● **What to do**
Your copy should match the entries exactly, except that it holds no pictures.

========================================================================

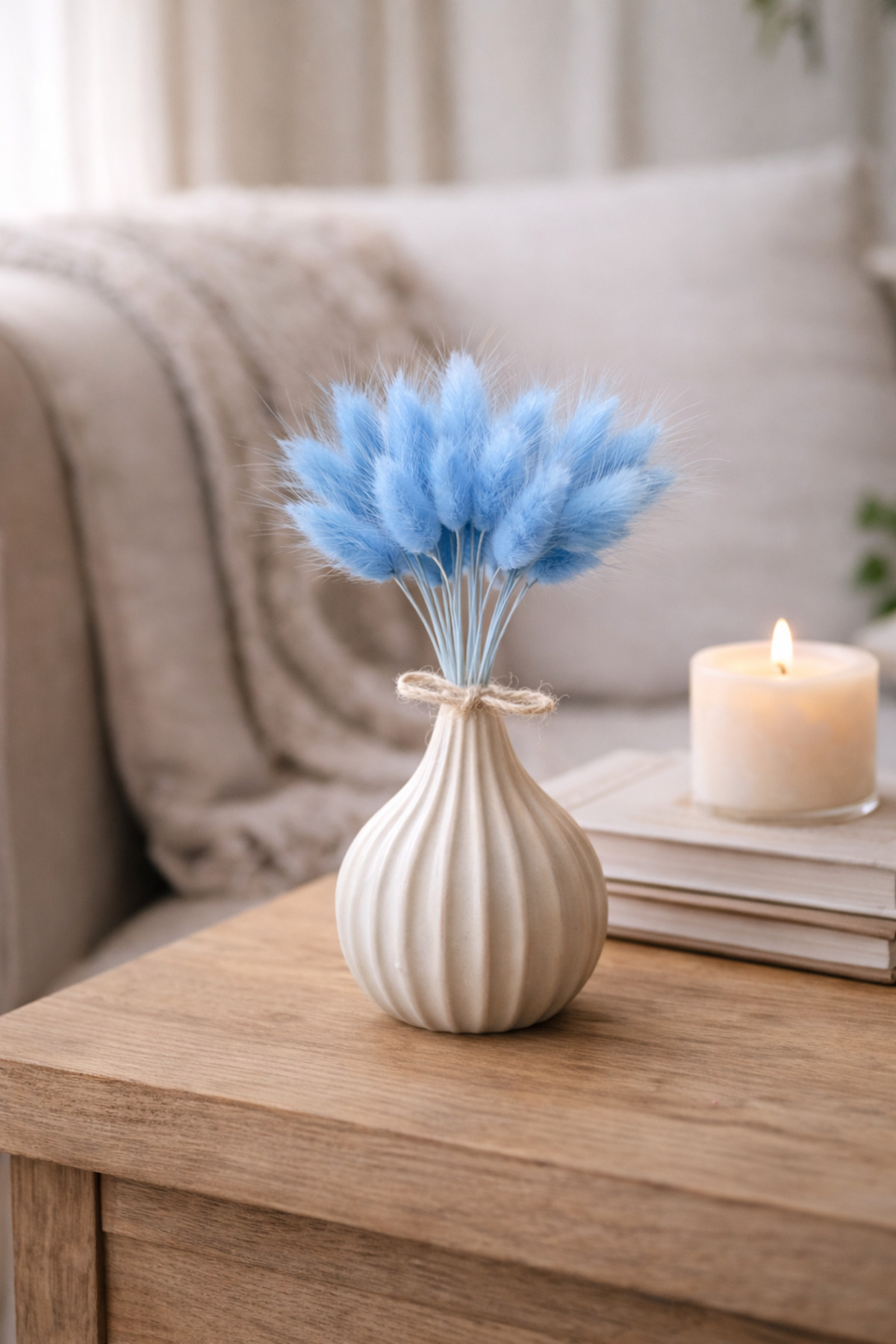 Blue Lagurus Bunny Tail Grass 30 Head-Branch 30-40 cm Choked Flower Cotton Grass Bundle Dried Flower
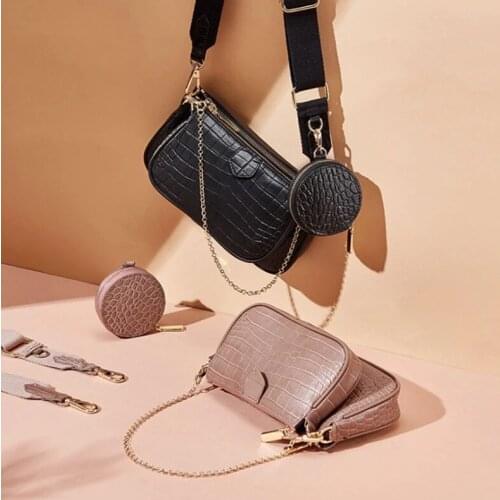 Custom letters crocodile print cow leather hobo bag 3 in 1 women cross body bag genuine leather shoulder bag with coin purse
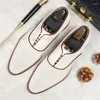 Dress Shoes Luxury Men Oxford Genuine Cow Leather Handmade Fashion White Formal Wear Man Wedding Office Pointed Toe Lace Up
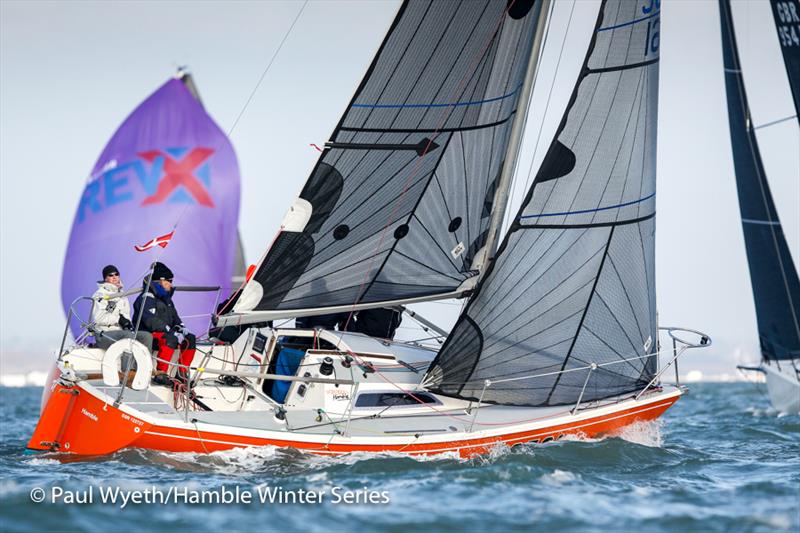 Uproar (The Dukes of Hamble) in week 7 of the HYS Hamble Winter Series photo copyright Paul Wyeth / www.pwpictures.com taken at Hamble River Sailing Club and featuring the Impala 28 class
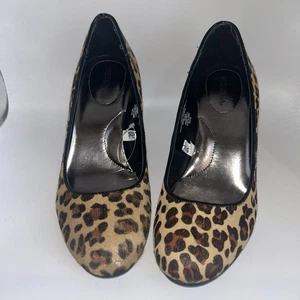 Merona Animal Print Heels Leather Not Worn Women’s Size 7.5 - Picture 1 of 11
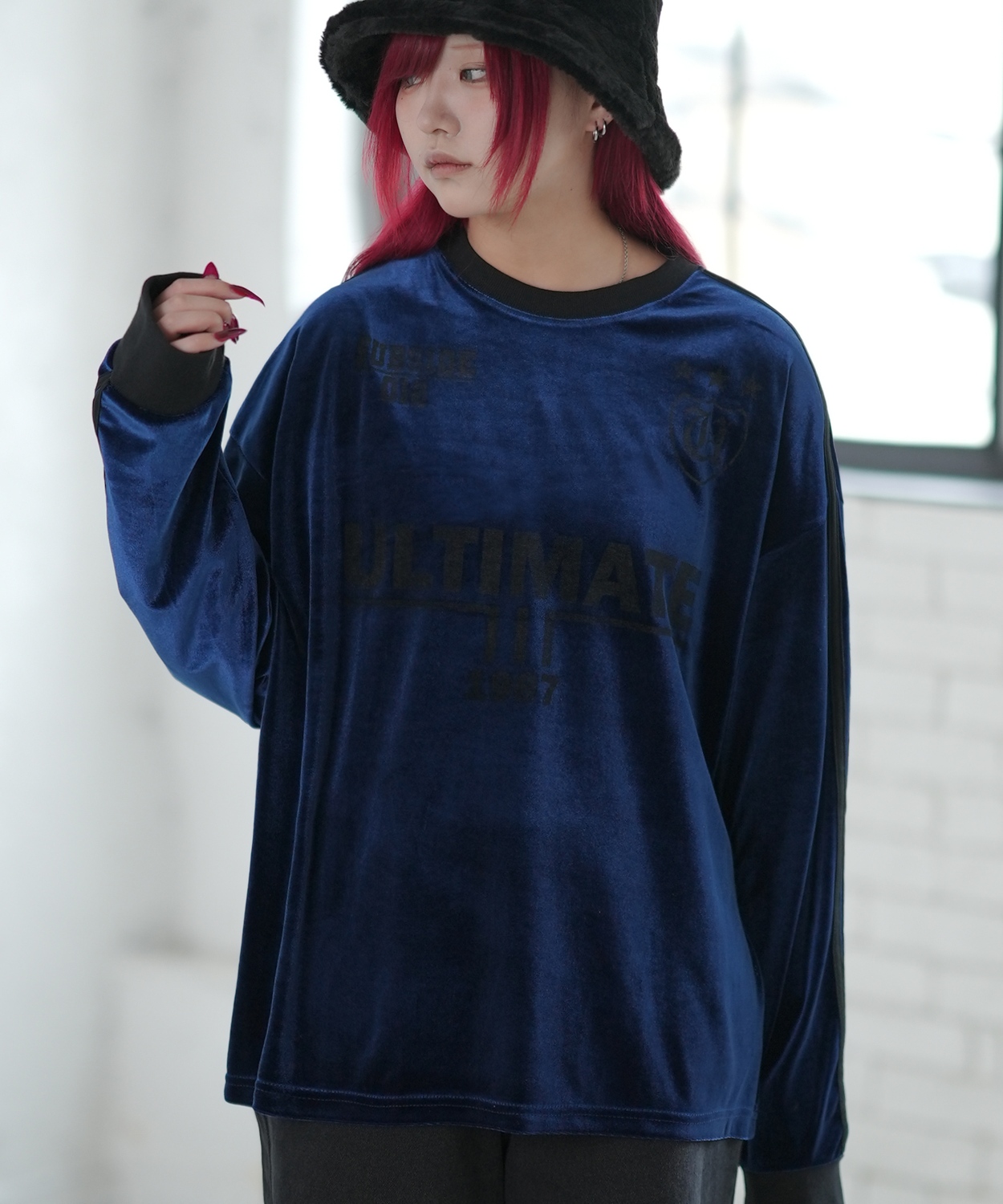 improves（インプローブス） 長袖Tシャツ メンズ ベロア プリント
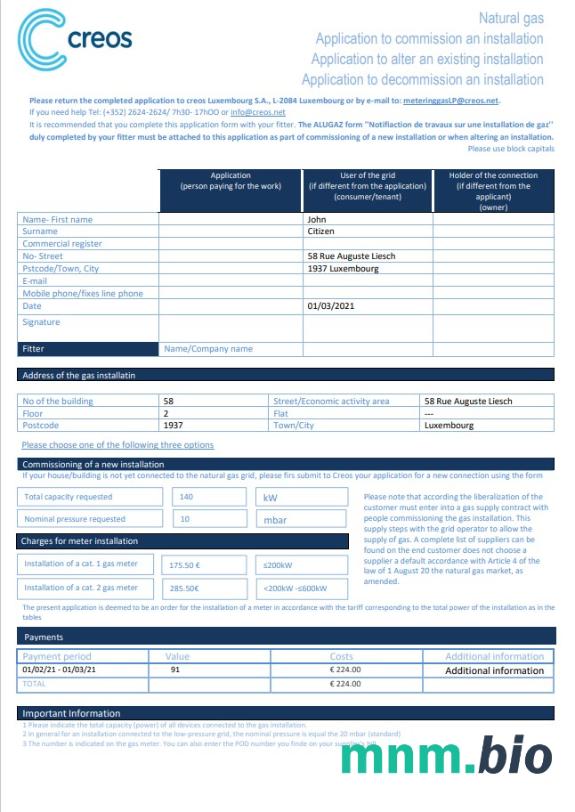 Luksemburski szablon rachunku za gaz kreos w formacie Word i PDF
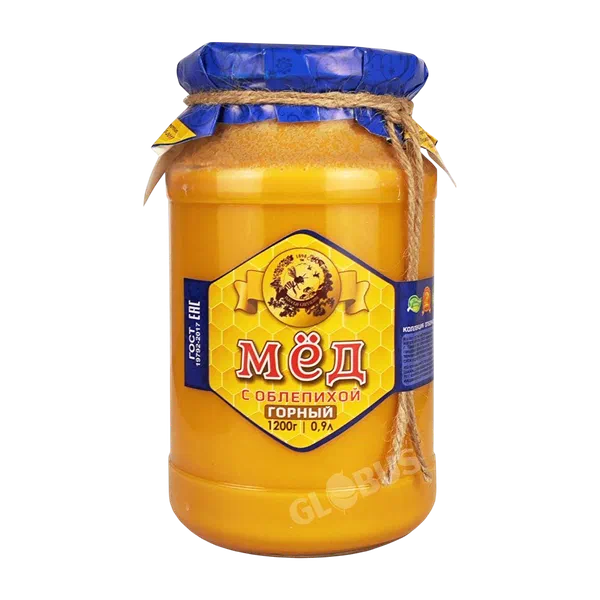 Мёд Пасеки Киргизии горный с облепихой 1,2кг ст/б Медовая Артель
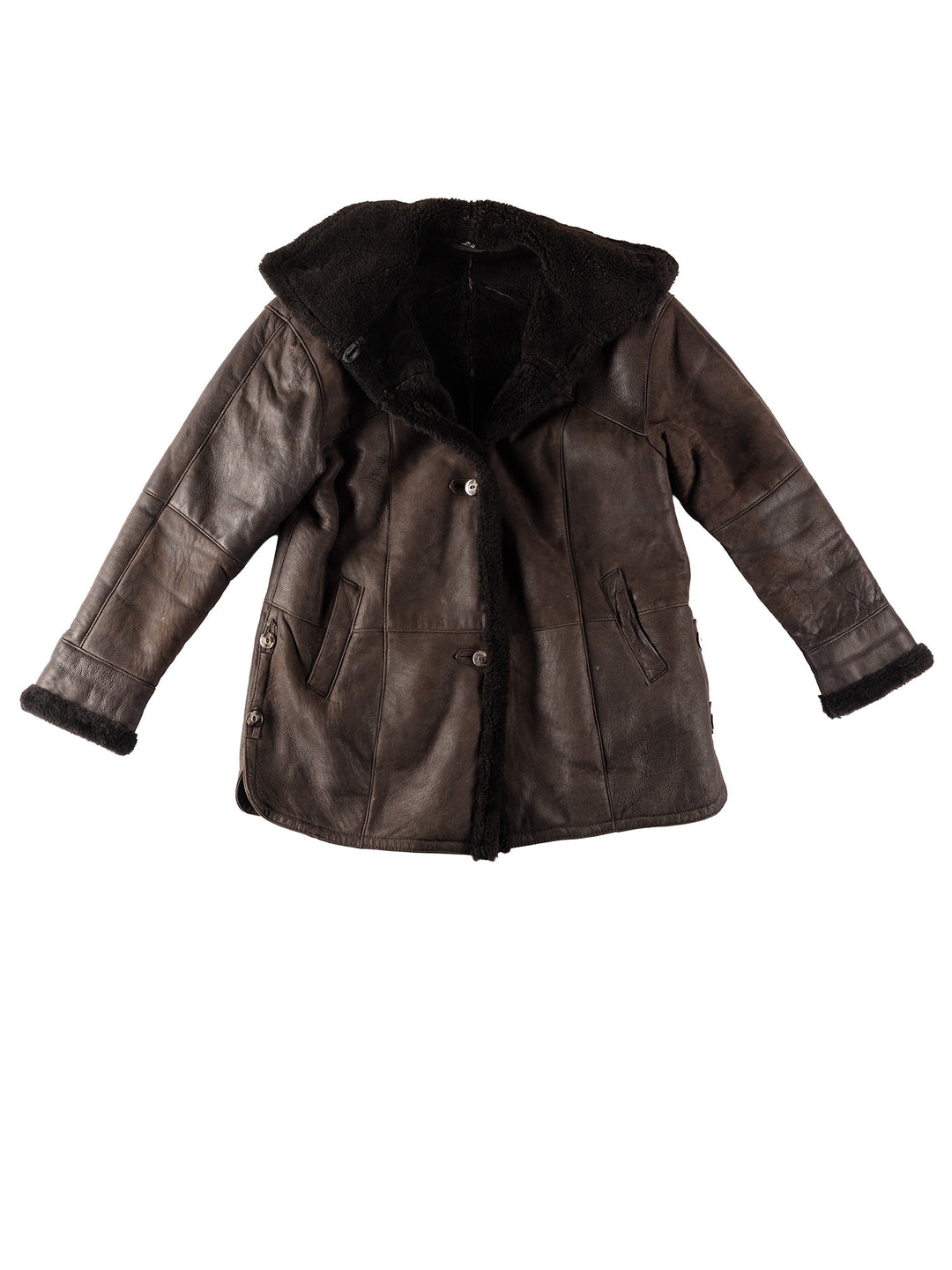 Vintage 80's Women Sheepskin Coat in BrownMN352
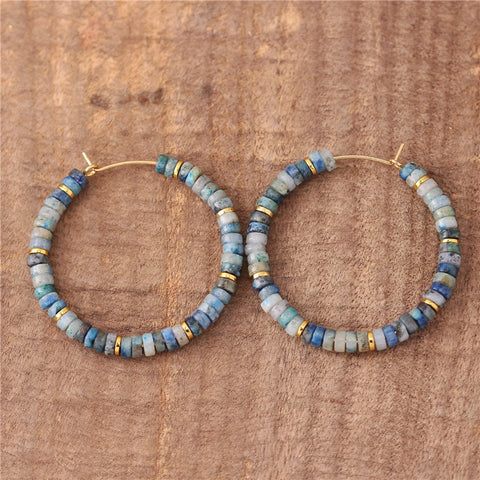Blue Stone Hoop Earrings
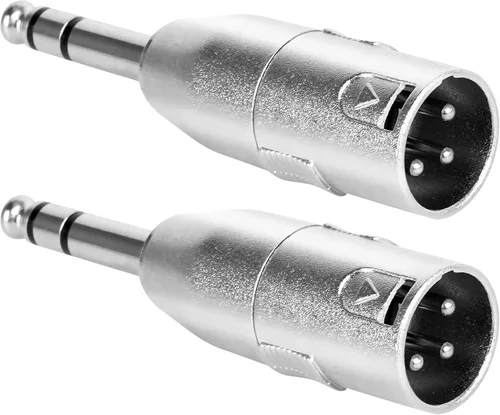 Vista 18 de Adaptador TRS de 1/4" a XLR 2 paquete - Adaptadores XLR macho y hembra de 6.35mm 1/4" 0.25 in TRS hembra a (XLR macho y XLR hembra)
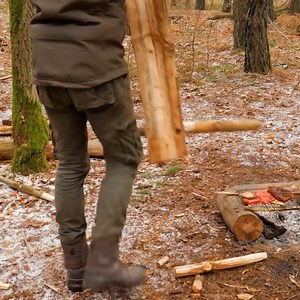 5.2K views · 31 reactions | Using Hand Tools to Build an Off-Grid Log Cabin and Tiny House in the Forest to Survive the Winter | Bushcraft Only | Facebook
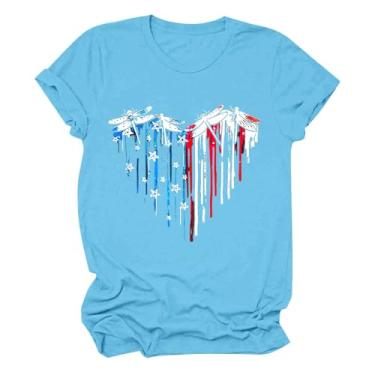 Imagem de Camiseta feminina moderna gola redonda manga curta dia independente estampada camiseta ativa, Azul-celeste, G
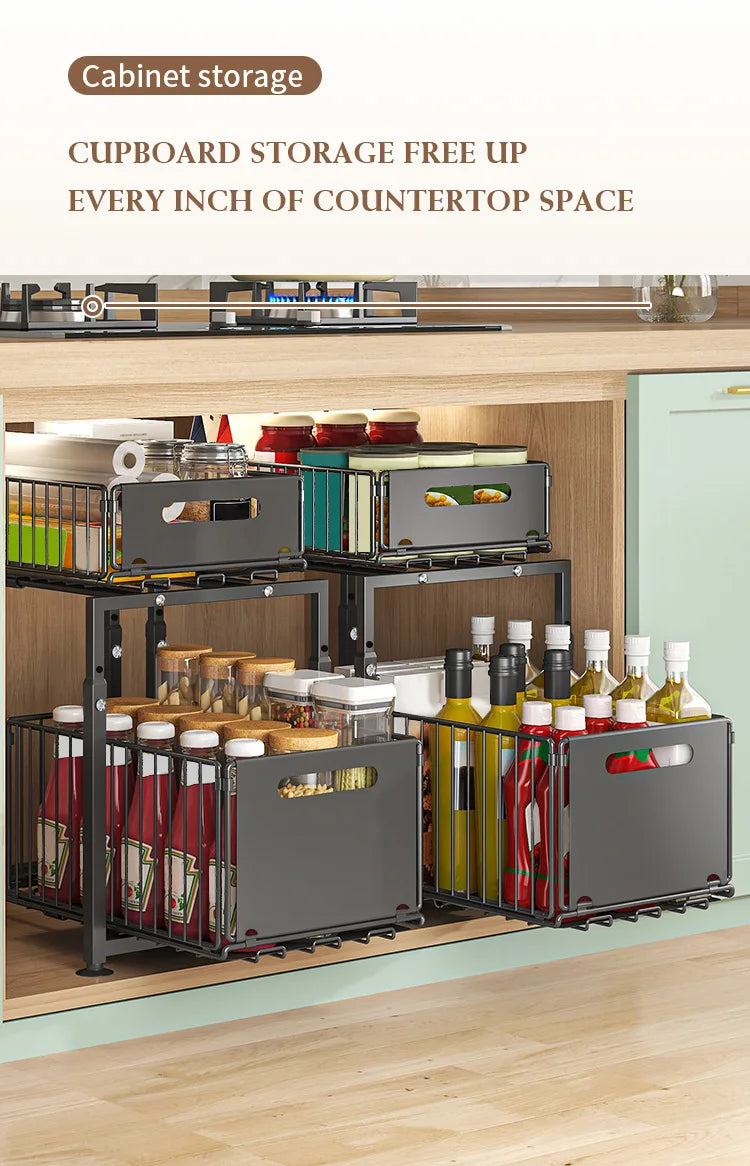 1pc,Slide-out storage rack,Cabinet pull-out storage basket,Punch-free storage rack with suction cups,Spice rack, cutlery rack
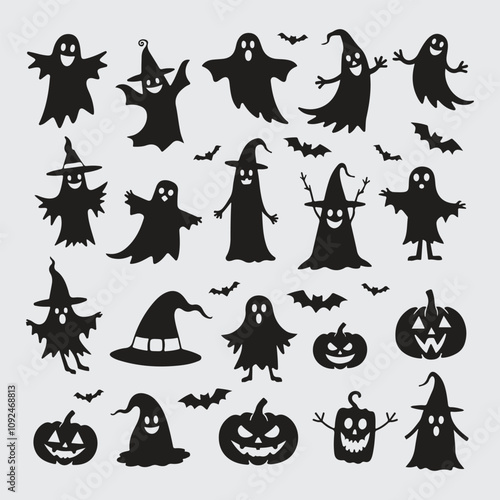 Set of Halloween icons isolate on white background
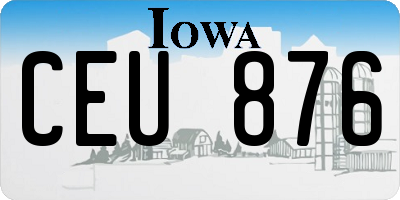 IA license plate CEU876
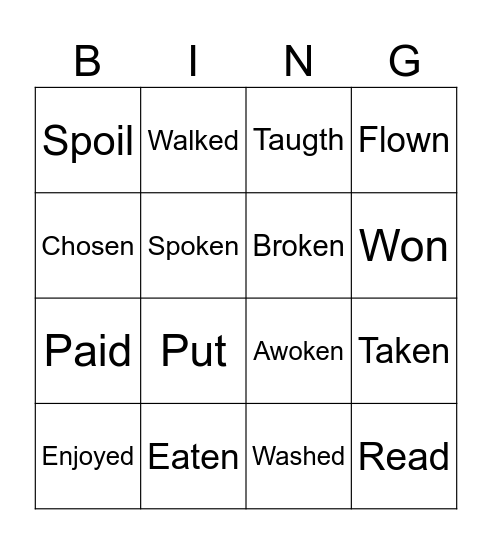 PAST PARTICIPLE Bingo Card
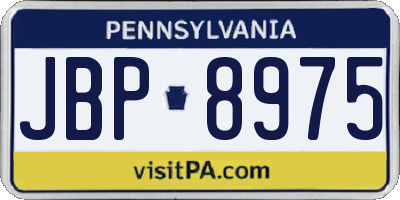PA license plate JBP8975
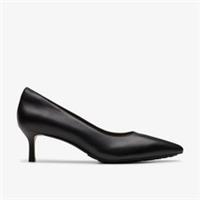 Clarks Womens Adela Court Black Leather Court Shoes,Heels Leather Smart
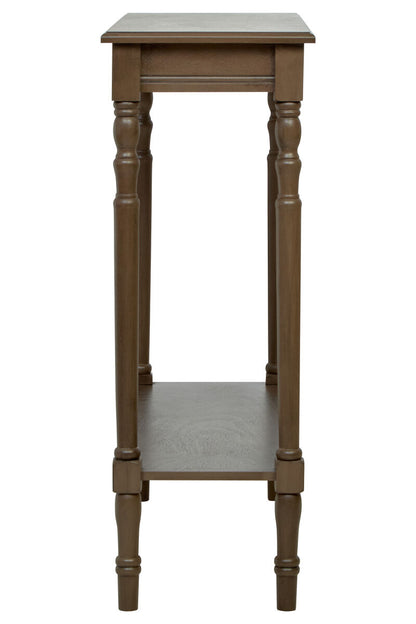 Heritage Dark Brown Wooden Console Table with Lower Shelf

========================================================================

● **Solution to the exercise**
 Blue Lagurus Bunny Tail Grass 30 Head-Branch 30-40 cm Choked Flower Cotton Grass Bundle Dried Flower
 Custom letters crocodile print cow leather hobo bag 3 in 1 women cross body bag genuine leather shoulder bag with coin purse
 Dress Shoes Luxury Men Oxford Genuine Cow Leather Handmade Fashion White Formal Wear Man Wedding Office Pointed Toe Lace Up
 Uproar (The Dukes of Hamble) in week 7 of the HYS Hamble Winter Series photo copyright Paul Wyeth / www.pwpictures.com taken at Hamble River Sailing Club and featuring the Impala 28 class
 Merona Animal Print Heels Leather Not Worn Women’s Size 7.5 - Picture 1 of 11
 improves（インプローブス） 長袖Tシャツ メンズ ベロア プリント
 Luksemburski szablon rachunku za gaz kreos w formacie Word i PDF
 Мёд Пасеки Киргизии горный с облепихой 1,2кг ст/б Медовая Артель
 Vintage 80's Women Sheepskin Coat in BrownMN352
Blue Stone Hoop Earrings
 Vista 18 de Adaptador TRS de 1/4" a XLR 2 paquete - Adaptadores XLR macho y hembra de 6.35mm 1/4" 0.25 in TRS hembra a (XLR macho y XLR hembra)
 5.2K views · 31 reactions | Using Hand Tools to Build an Off-Grid Log Cabin and Tiny House in the Forest to Survive the Winter | Bushcraft Only | Facebook
 Imagem de Camiseta feminina moderna gola redonda manga curta dia independente estampada camiseta ativa, Azul-celeste, G
 1pc,Slide-out storage rack,Cabinet pull-out storage basket,Punch-free storage rack with suction cups,Spice rack, cutlery rack
 Set of Halloween icons isolate on white background
 IA license plate CEU876
 PAST PARTICIPLE Bingo Card
PA license plate JBP8975
 Clarks Womens Adela Court Black Leather Court Shoes,Heels Leather Smart
 Heritage Dark Brown Wooden Console Table with Lower Shelf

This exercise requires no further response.